Segment Start: Exercise input
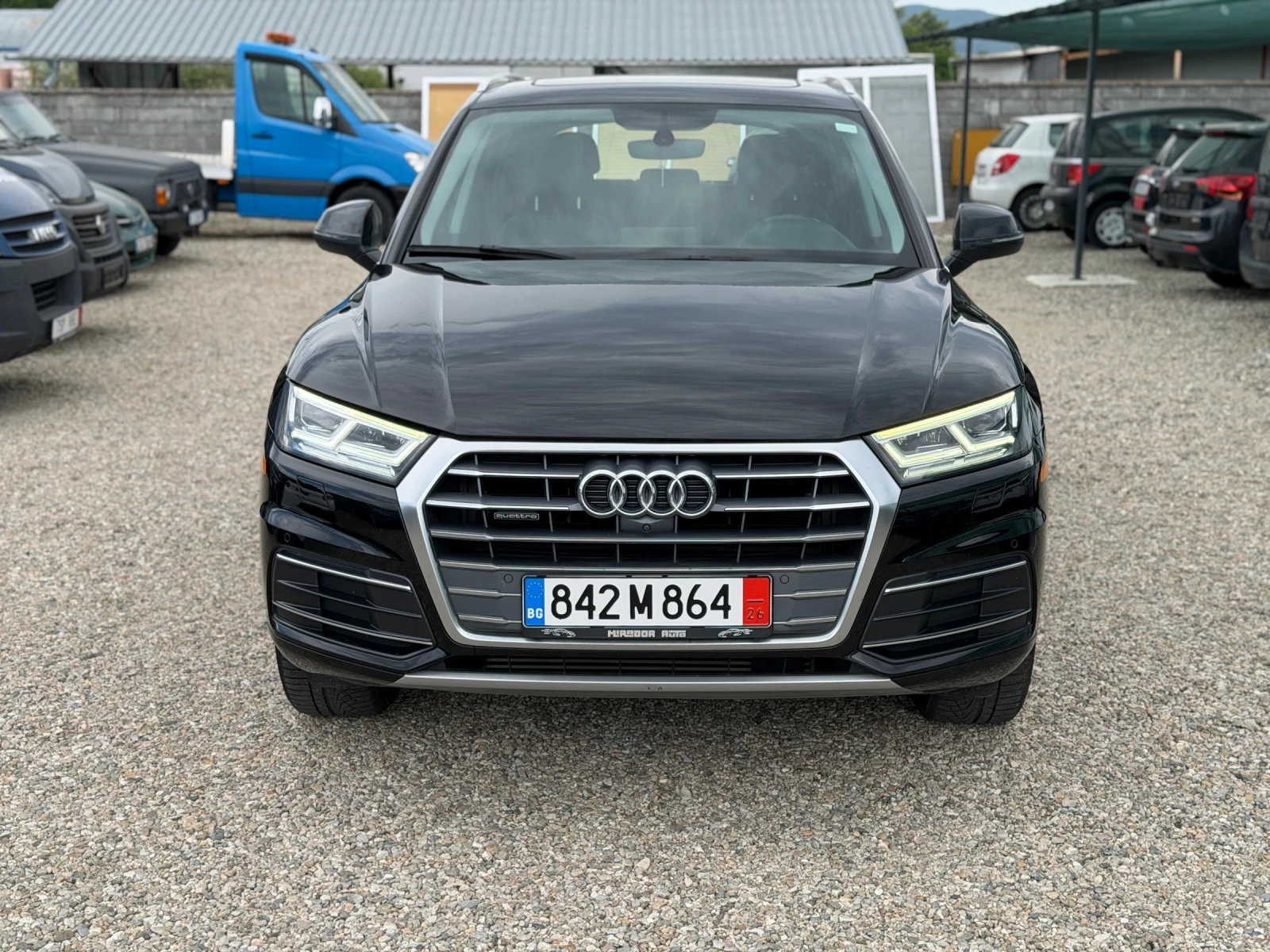 Audi Q5 2.0TSI/B&O/PANORAMA/Full extra/Service book/, снимка 2 - Автомобили и джипове - 54911252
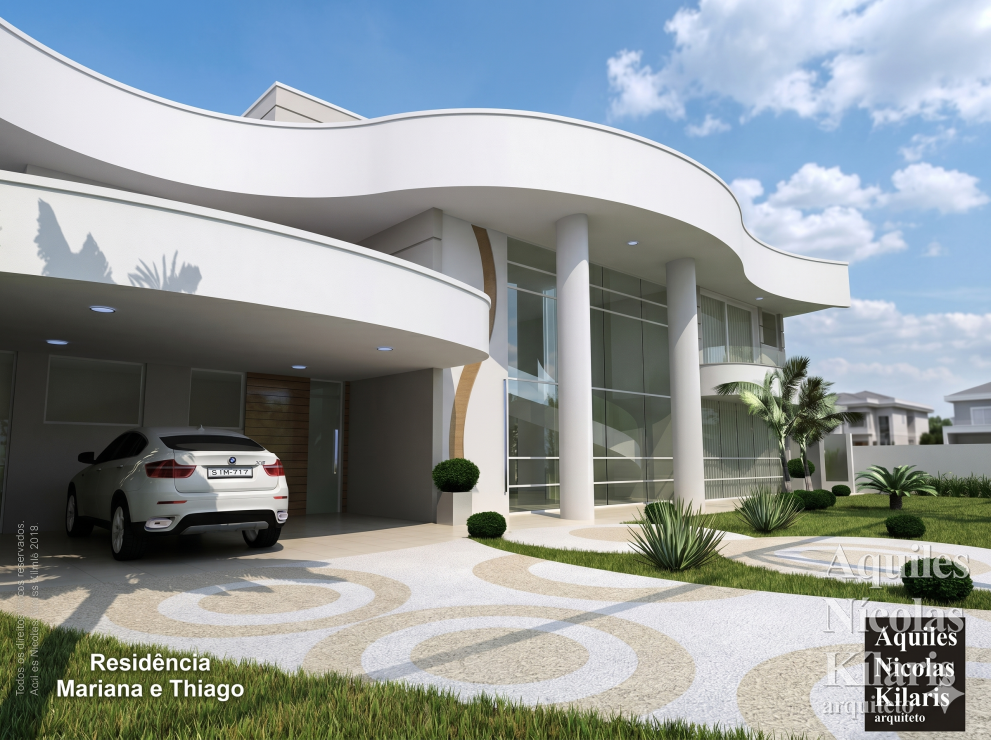 Arquiteto - Aquiles NÃ­colas KÃ­laris - Residential Projects - Projeto Mato Grosso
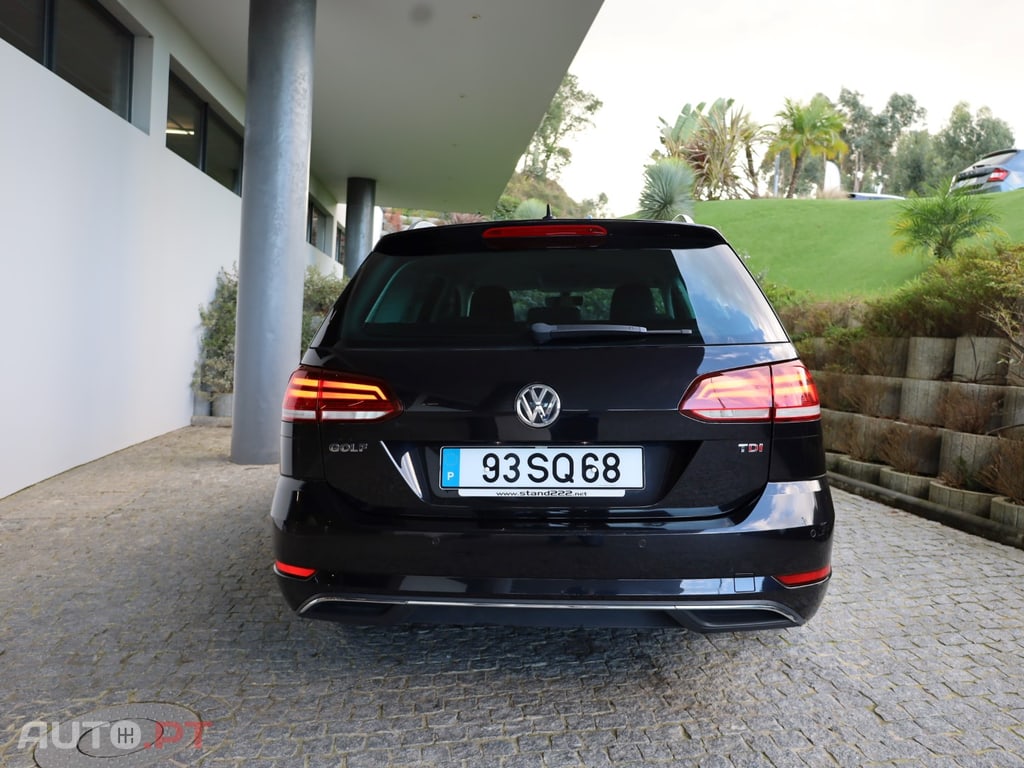 Volkswagen Golf Variant 1.6 TDi Confortline DSG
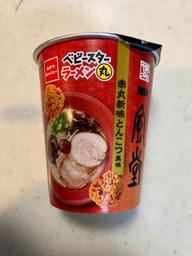 ベビースターラーメン丸 一風堂赤丸新味とんこつ風味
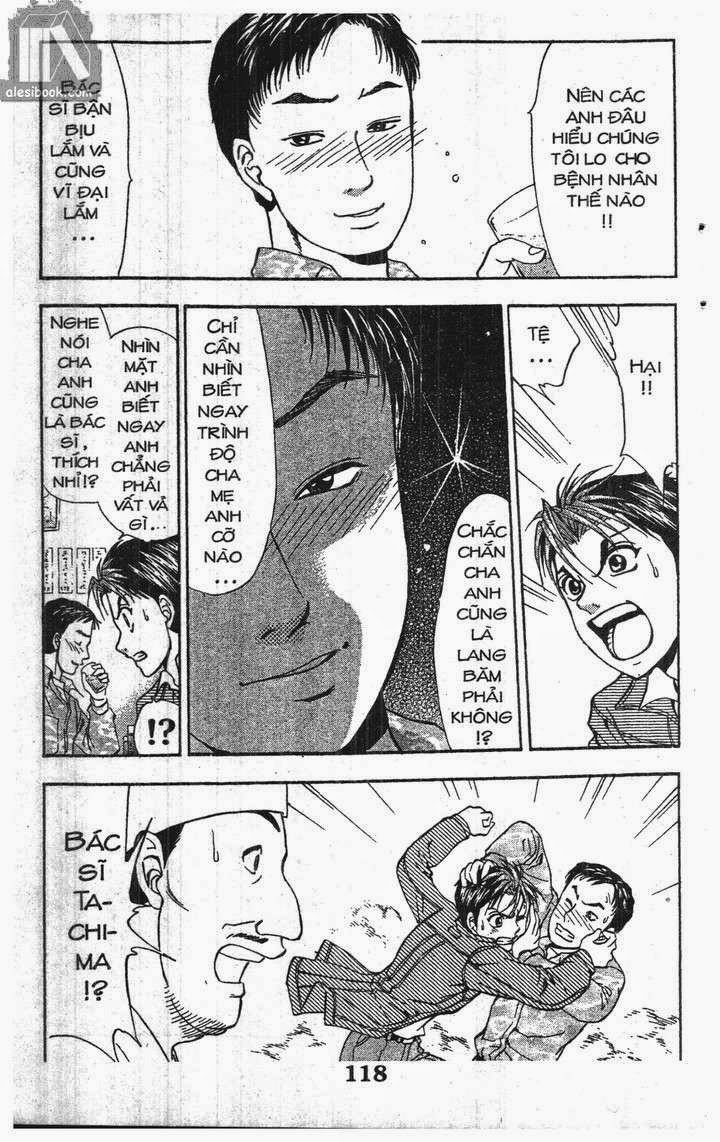 Bàn Tay Thần Sầu Teru Chapter 126 - Trang 8
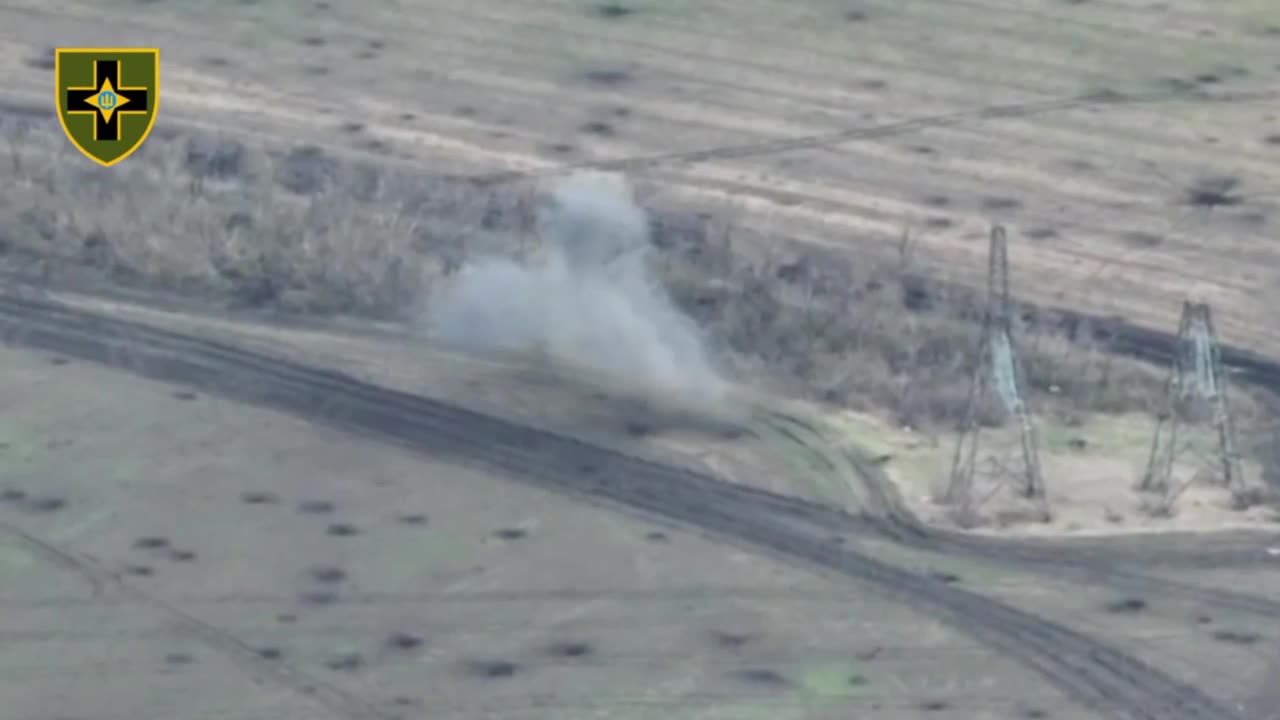 Ukrainian Artillery Working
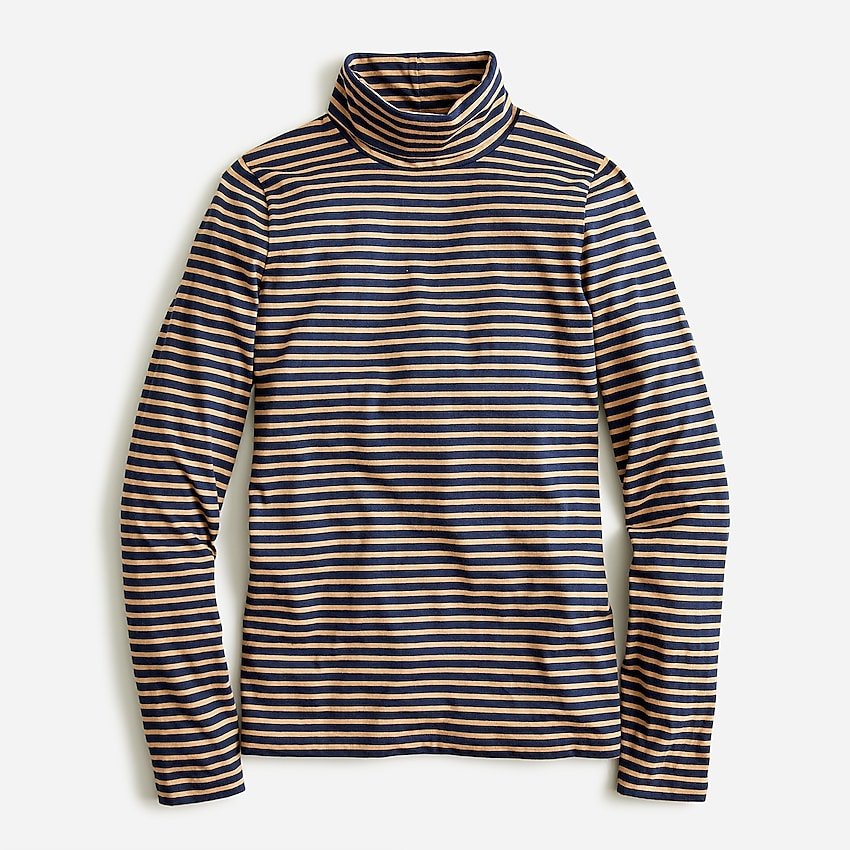 J.CREW TISSUE TURTLENECK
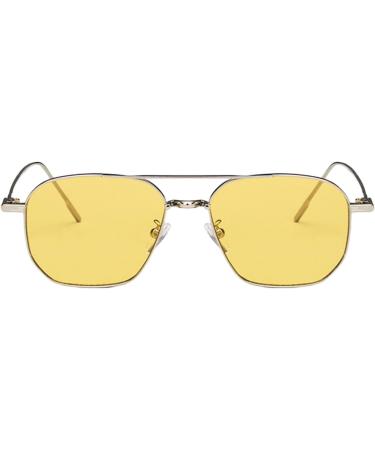 Buy Protective Blue Light Filter Glasses for Kids - Prescription-Free Gaming & Computer Glasses | Oval Design Z1103Z_1 - Yellow - Buy Online on GoSupps.com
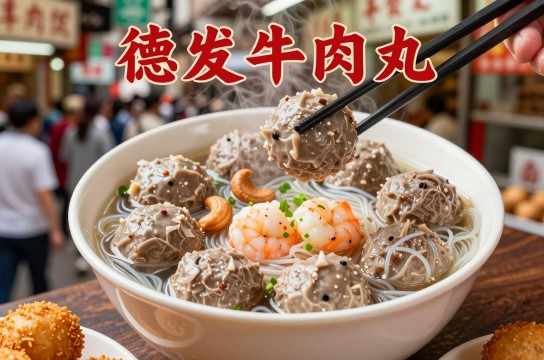 德发牛肉丸-展庭百科汇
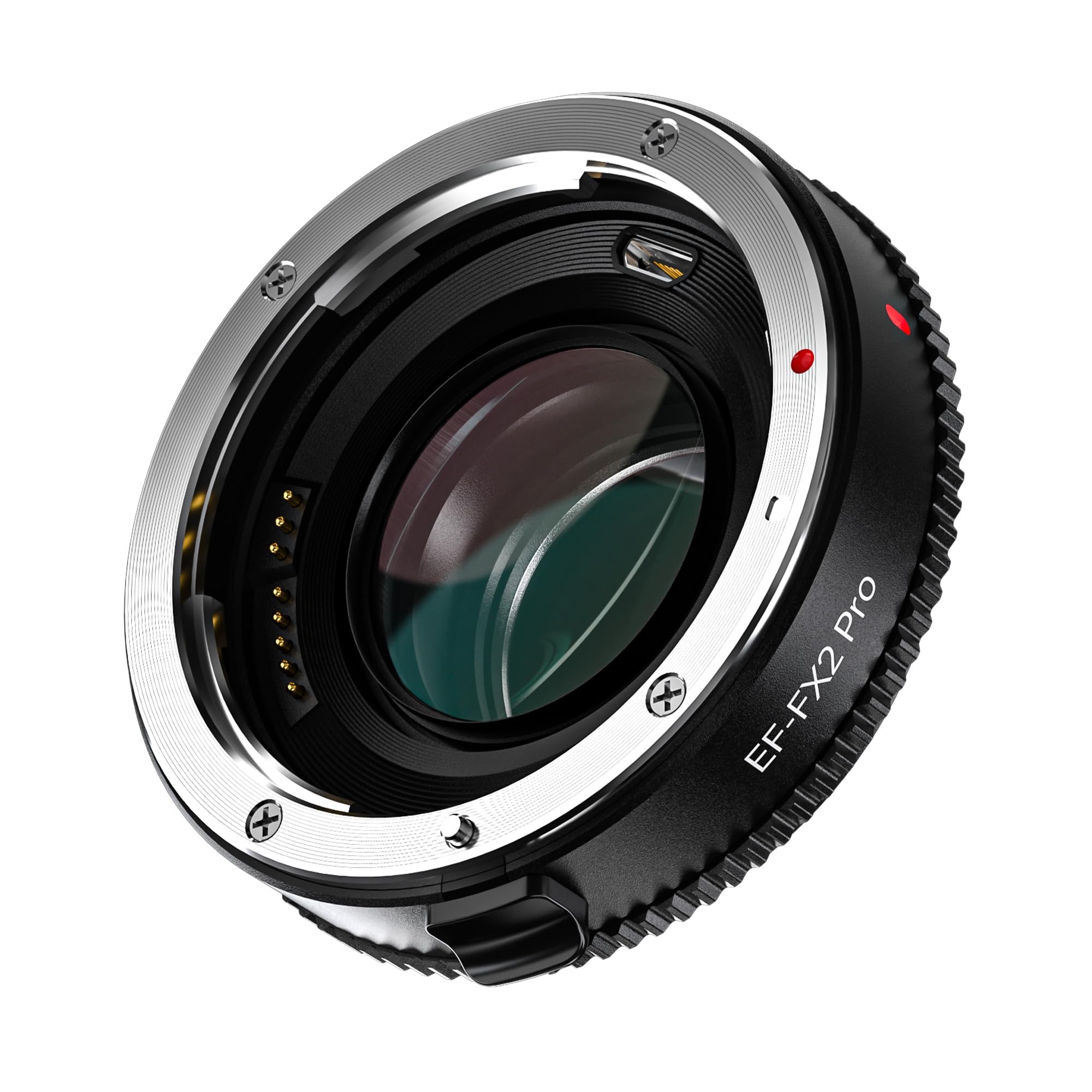 VILTROX EF-FX2 Pro Auto Focus Lens Adapter 0.71x Focal Reducer Speed Booster Adapter Compatible with Canon EF Mount Lens to Fuji X-Mount Camera X-T3 X-T2 X-T20 X-T10 X-T100 X-PRO 2 X-E3 X-A20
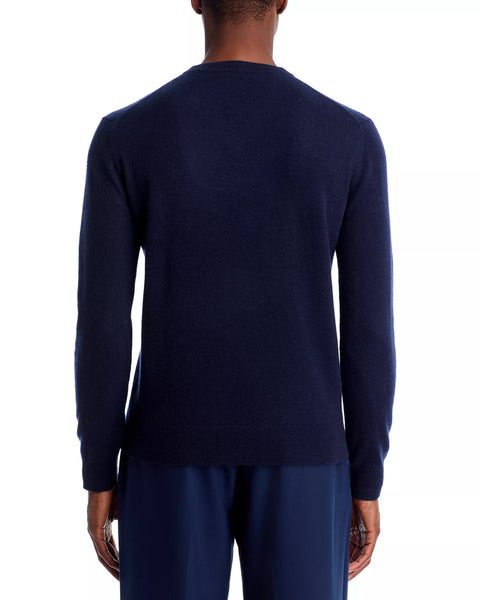 The Men's Store Bloomingdale's Men's Navy Cashmere V-Neck Sweater | The Men's Store Bloomingdale's In Lebanon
Segment End: Exercise input
**What you need to do**
The result should be an exact copy of only the lines above from the one that holds "Arquiteto - Aquiles" through the one that holds "VILTROX EF-FX2 Pro", both ends included, without pictures.

**Answer section**
 Arquiteto - Aquiles NÃ­colas KÃ­laris - Residential Projects - Projeto Mato Grosso
 Volkswagen Golf Variant 1.6 TDi Confortline DSG
 ベビースターラーメン丸 一風堂赤丸新味とんこつ風味
 Bàn Tay Thần Sầu Teru Chapter 126 - Trang 8
 Ukrainian Artillery Working
 J.CREW TISSUE TURTLENECK
 Buy Protective Blue Light Filter Glasses for Kids - Prescription-Free Gaming & Computer Glasses | Oval Design Z1103Z_1 - Yellow - Buy Online on GoSupps.com
 德发牛肉丸-展庭百科汇
 VILTROX EF-FX2 Pro Auto Focus Lens Adapter 0.71x Focal Reducer Speed Booster Adapter Compatible with Canon EF Mount Lens to Fuji X-Mount Camera X-T3 X-T2 X-T20 X-T10 X-T100 X-PRO 2 X-E3 X-A20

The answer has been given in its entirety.